▶ _TASK PROMPT_
The reply is to be the lines from the one with "Büyükşehir Kuzey İlçelerde" through the last line of the records below, each retyped exactly, with pictures left out.

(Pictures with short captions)
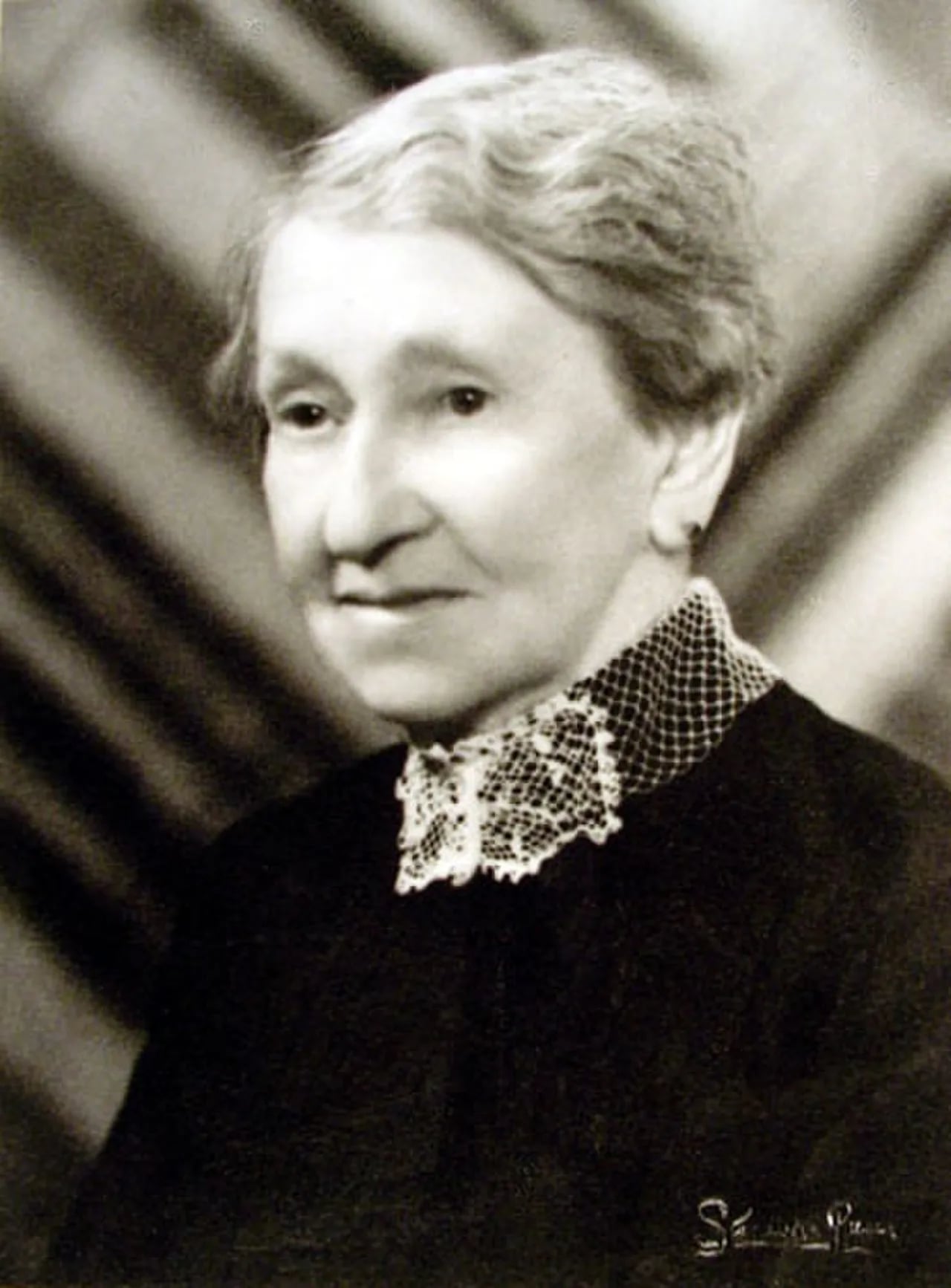 Portrait of Ada Wells (1863–1933) – memorial page
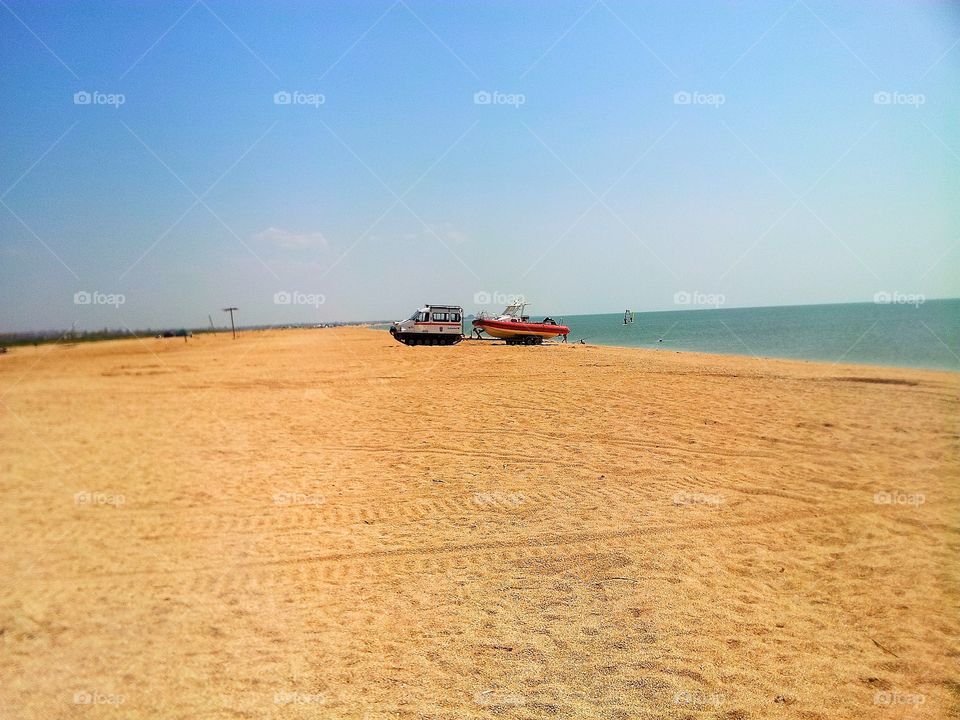 The coast of the Azov Sea.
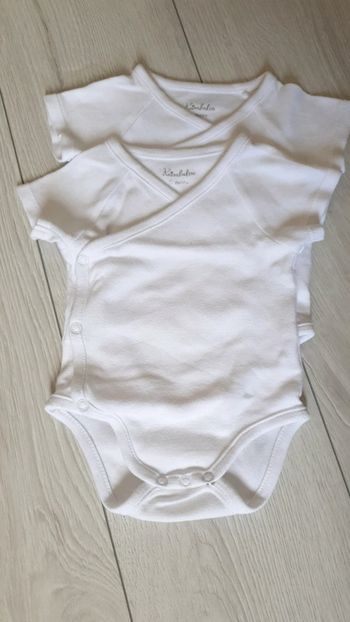 Bodies bébé fille 3 mois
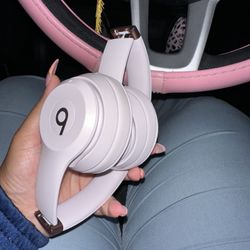 Beats Solo (Blush Pink)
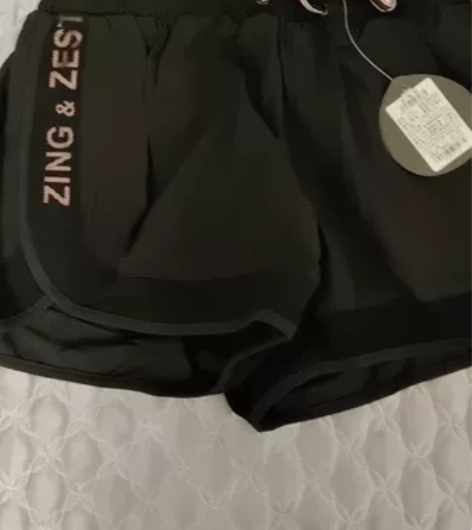 女士运动短裤，全新未拆吊牌，质量好，L码，...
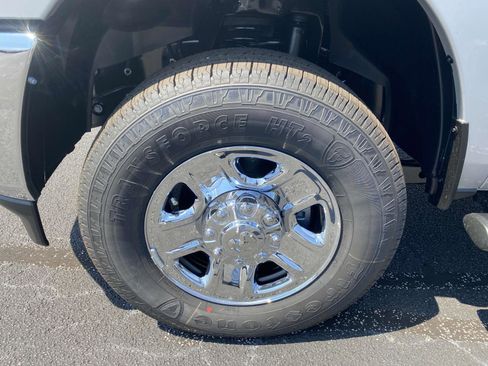 New 2026 RAM 2500 Tradesman image 23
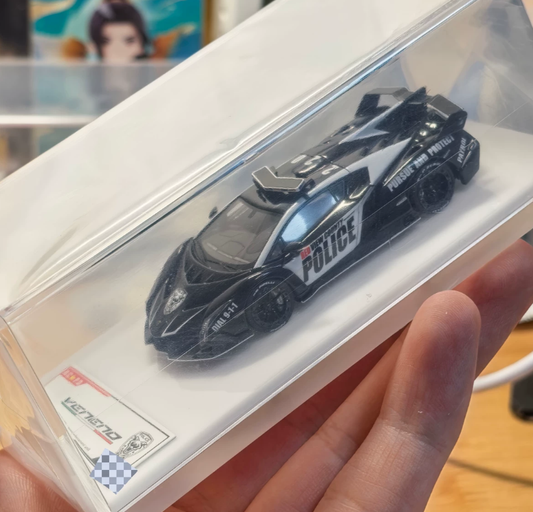 Sasaki King Custom 1/64 Lamborghini Veneno RCPD Police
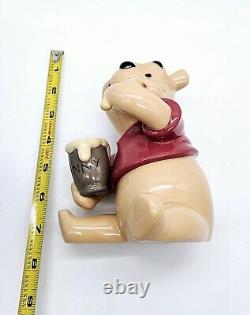 Lladro Disney Winnie the Pooh 7 Porcelain Figurine 9115 in Box with Paperwork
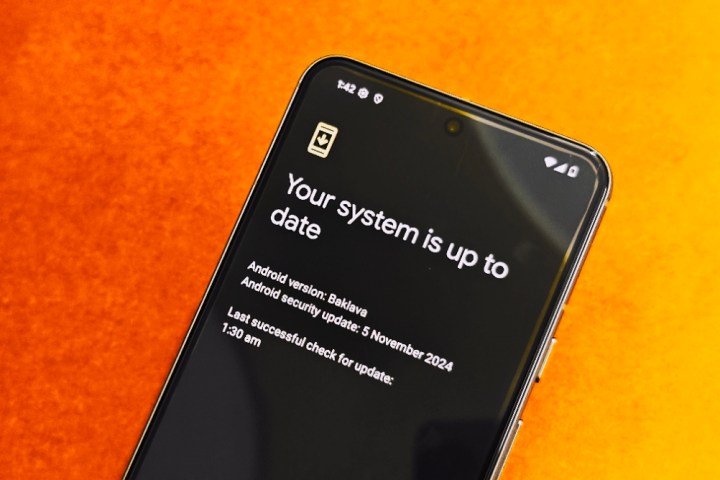 يعمل بنظام التشغيل Android 16 على هاتف Google Pixel 8.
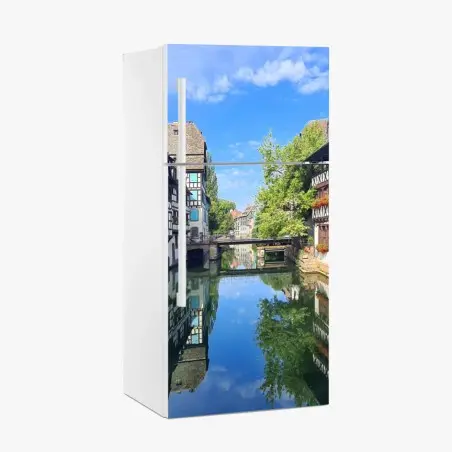 Pegatina para frigorífico paisaje urbano de casas entramadas en Estrasburgo – Pixers®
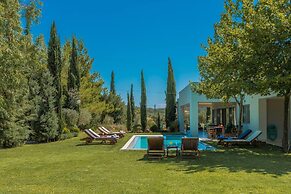 Villa Verano - Spacious 5-bdr & 5-bth Villa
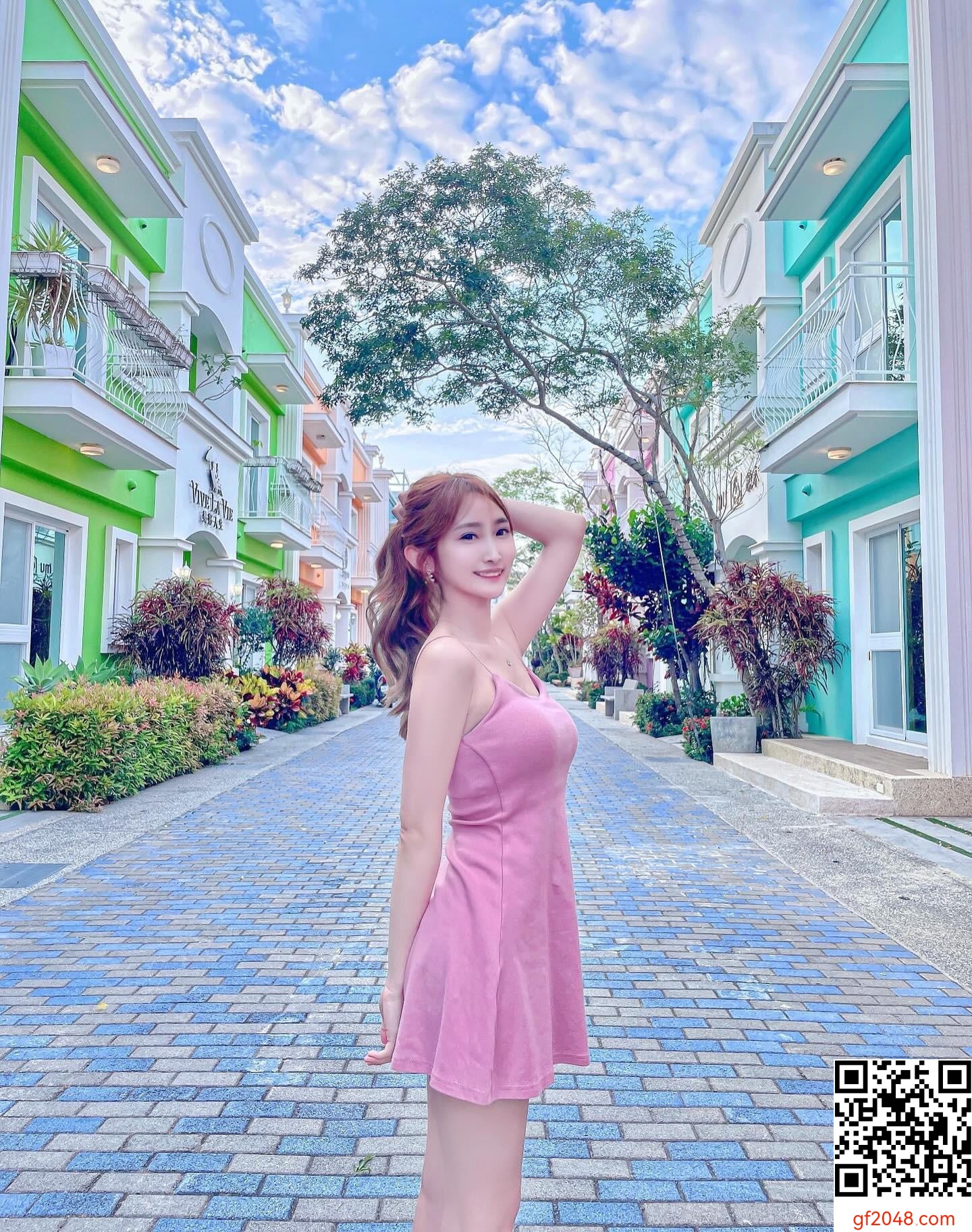 海邊氣溫飆升！niu722_仙氣雪肌、惹火曲線、比基尼女神火辣指數破表 (15P)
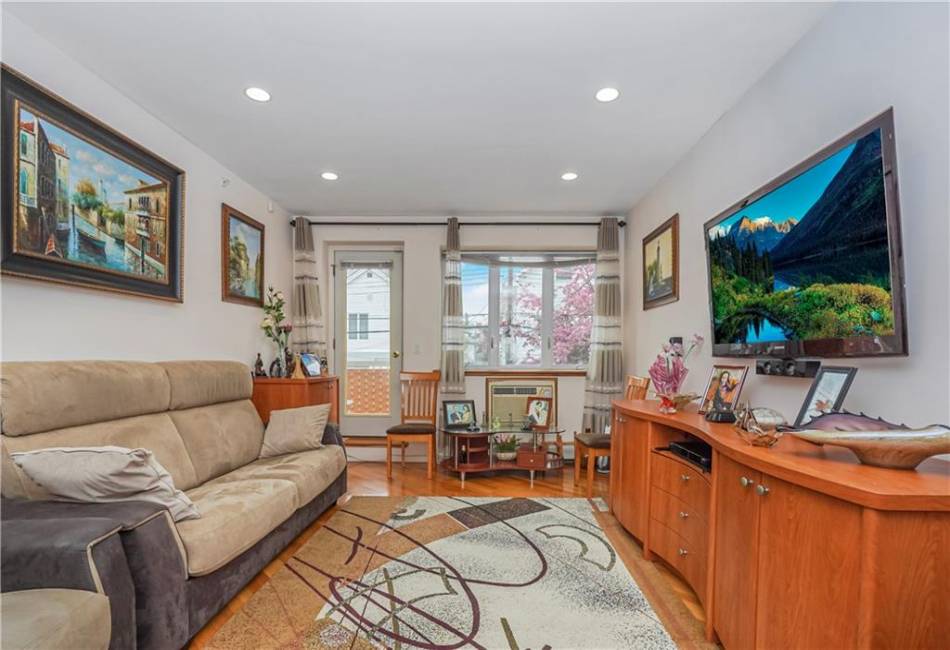 1733 Ocean Avenue, Brooklyn, New York 11230, 2 Bedrooms Bedrooms, ,2 BathroomsBathrooms,Residential,For Sale,Ocean,486992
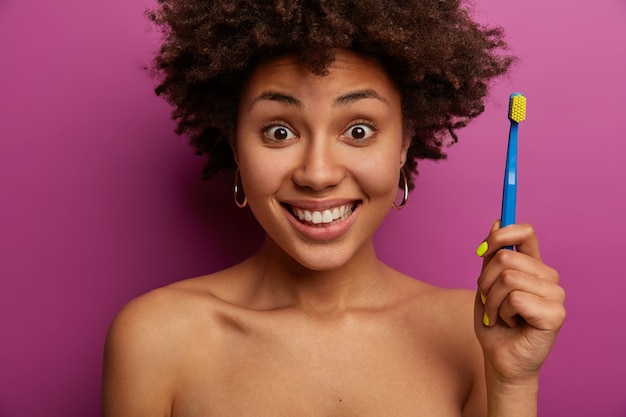 Free photo positive afro american woman tells step by step instruction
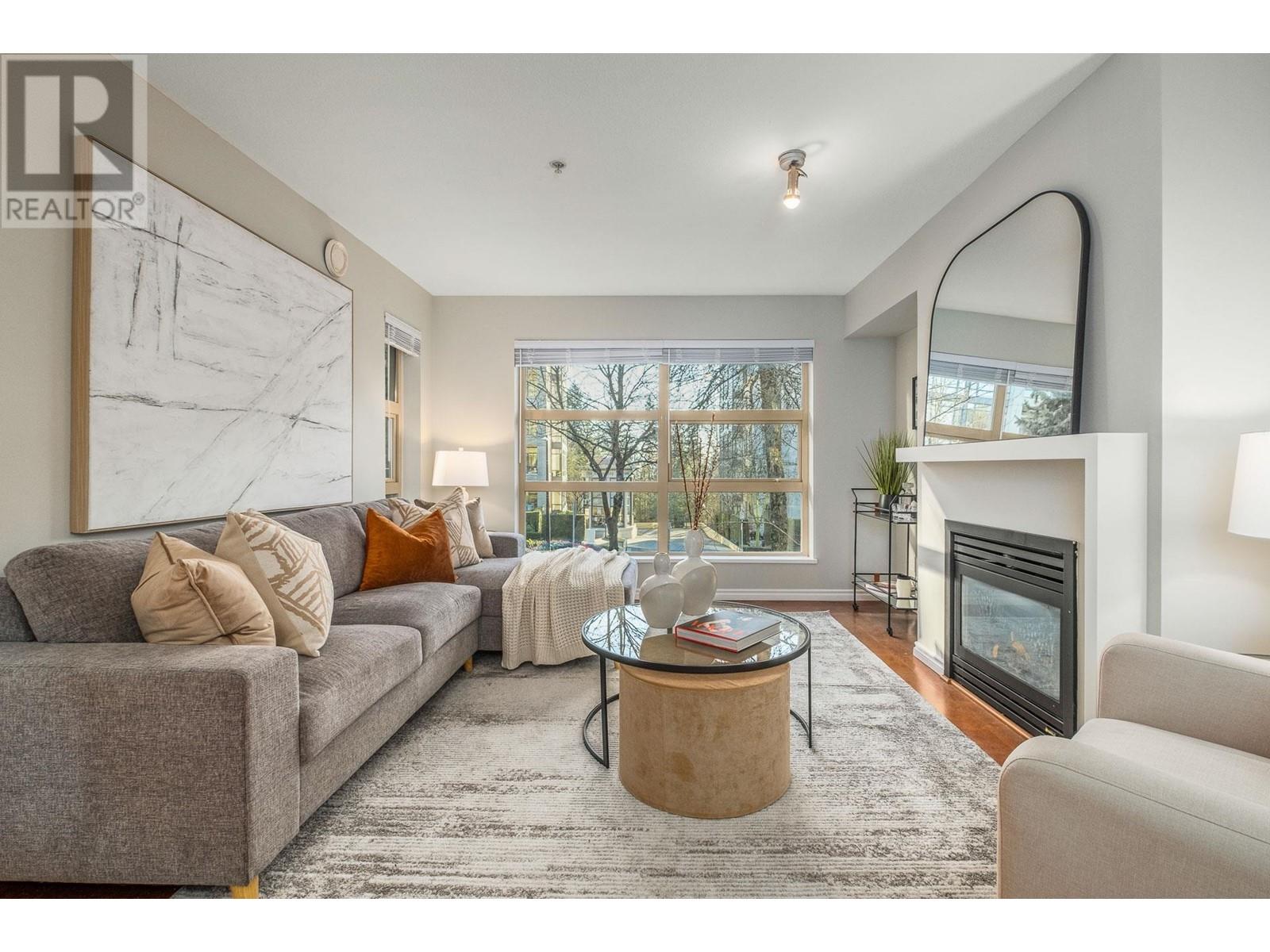 214 9339 University Crescent, Burnaby, British Columbia V5A 4Y1 - Photo 3 - R2958235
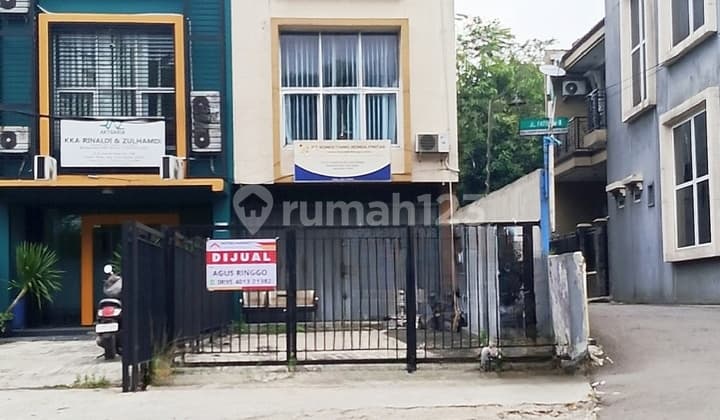 Margonda Depok - Ruko Bagus Dan Murah - Bisa Kpr - Beserta Isinya. Shm 130.0 M² Furnished. Jl.ir Haji Juanda.margonda. Depok. Jawa Barat.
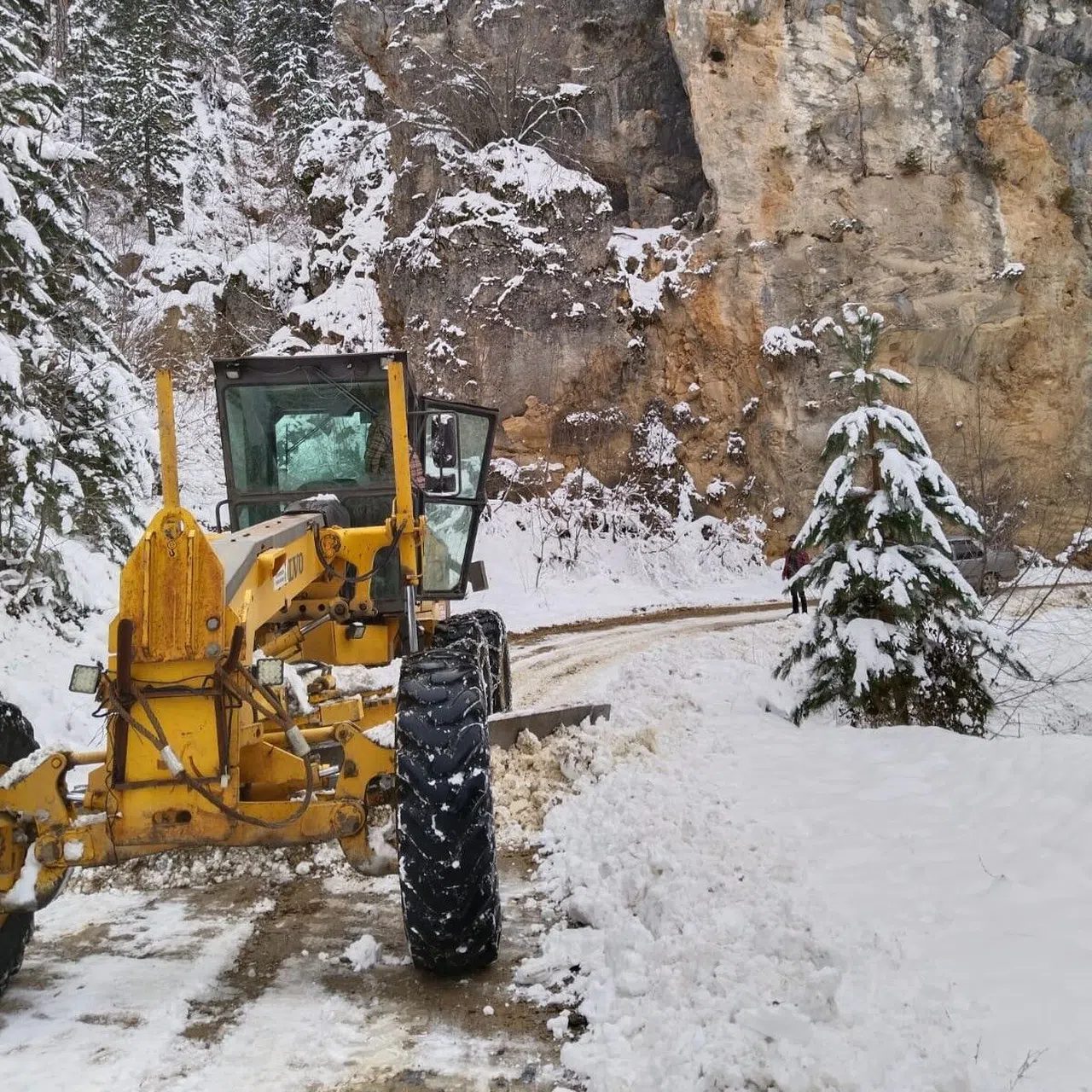 Büyükşehir Kuzey İlçelerde Karla Mücadelesini Sürdürüyor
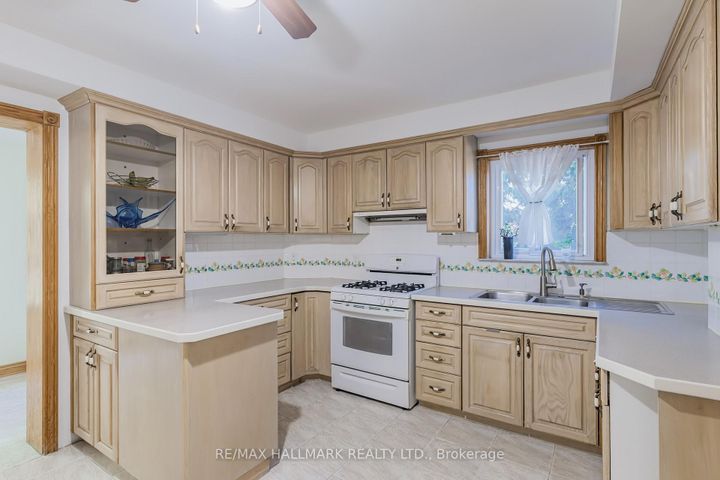 Photo 14 at 38 Courton Drive, Maryvale, Toronto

▶ _OUTPUT FOR THIS EXERCISE_
 Büyükşehir Kuzey İlçelerde Karla Mücadelesini Sürdürüyor
 Photo 14 at 38 Courton Drive, Maryvale, Toronto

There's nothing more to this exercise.